Personal information
- Full name: John William Walmsley
- Date of birth: 22 April 1903
- Place of birth: Accrington, England
- Date of death: 1970 (aged 66–67)
- Place of death: Haslingden, England
- Height: 5 ft 9 in (1.75 m)
- Position(s): Wing half

Senior career*
- Years: Team / Apps / (Gls)
- 1920–1921: Bacup Borough / ? / (?)
- 1921–1922: Nelson / 1 / (0)
- 1922–1924: Barnoldswick Town / ? / (?)
- 1924–1926: Accrington Stanley / 17 / (0)
- 1926–1929: Barnoldswick Town / ? / (?)
- 1929: Great Harwood / ? / (?)
- 1929: Horwich RMI / ? / (?)

= John Walmsley (footballer) =

English footballer

John William Walmsley (22 April 1903 – 1970) was an English professional association footballer who played predominantly as a wing half.
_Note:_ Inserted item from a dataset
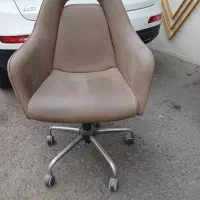 فروش دو عدد صندلی اداری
Born in Accrington, Lancashire, he initially played Sunday league football for St Paul's and Accrington St Peter's. Walmsley started his senior playing career in Non-League football with Bacup Borough before joining Football League Third Division North side Nelson in 1921. He played just one match for Nelson, appearing at centre-half in the 2–4 defeat to Wrexham on 26 November 1921.

Walmsley left the club at the end of the 1921–22 season to join Barnoldswick Town. After spending two years with Barnoldswick, he moved back into the Football League, signing for Accrington Stanley in the summer of 1924. He made nine league appearances for the side in his first season as the team finished 17th in the division. The following campaign, he played eight times in the league as Accrington achieved an 18th-placed finish. He left the club at the end of the 1925–26 season, and subsequently had spells with Barnoldswick Town, Great Harwood and Horwich RMI before moving into local amateur football in the early 1930s.